Emails and phone calls to Gotti Tedeschi's lawyer and assistant at Banco Santander, where Gotti Tedeschi is the chairman of the Spanish bank's Italian branch, weren't returned Saturday.
The Vatican spokesman, the Rev. Federico Lombardi, declined to comment since the matter concerned "reserved documents that were wrongly published."
Gotti Tedeschi's ouster has jolted the staid world of Vatican affairs, in part because of his close ties to Benedict. The firing became all the more worrisome to the Holy See when Gotti Tedeschi's home was raided last week in an unrelated corruption probe, and documents he had prepared to respond to his firing were seized by police.

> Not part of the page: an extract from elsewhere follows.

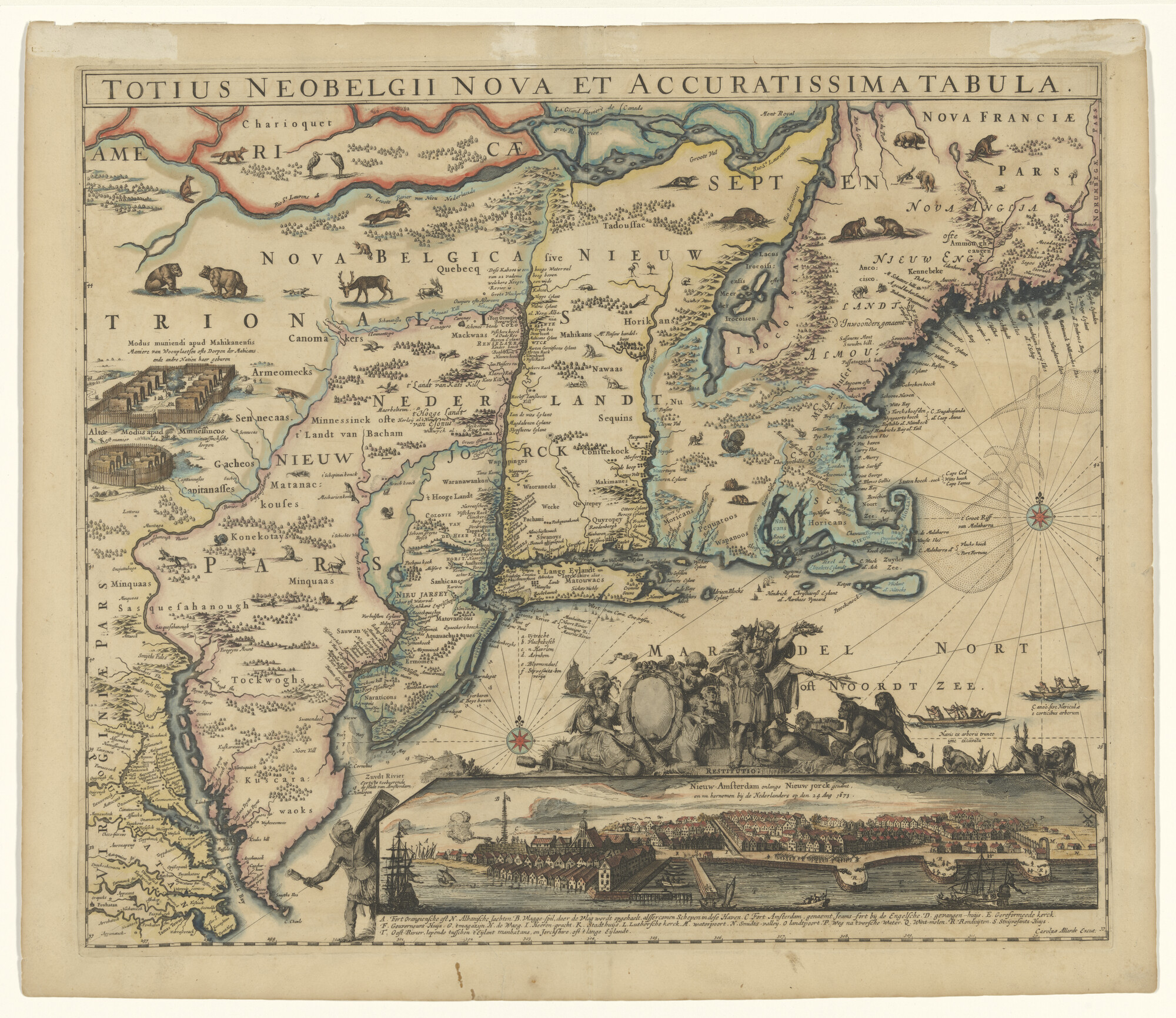 A.0874; Met de hand gekleurde kaart van Nieuw Nederland, Nieuw Engeland en een deel van Virginia, naar Visscher; landkaart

The seizure and Gotti Tedeschi's subsequent questioning by prosecutors prompted the Vatican on Friday to issue a warning to both its ex-bank president and Italian authorities, reminding them that its officials and documents enjoy immunity protections given that the Vatican is a sovereign state.
Gotti Tedeschi and the IOR's general director were placed under investigation in 2010 by Rome prosecutors for alleged violations of Italy's anti-money laundering norms in conducting a routine transaction from an IOR account at an Italian bank. Prosecutors seized some (EURO)23 million ($28.97 million) from the account but eventually returned it after the Vatican passed an anti-money laundering law that went into effect last year.
Gotti Tedeschi has long called the investigation the result of a misunderstanding. Neither he nor the general director has been charged.
In addition to the Lasalvia letter, Il Fatto reproduced two other letters from bank board members to the Vatican secretary of state in which they explained why they wanted Gotti Tedeschi out.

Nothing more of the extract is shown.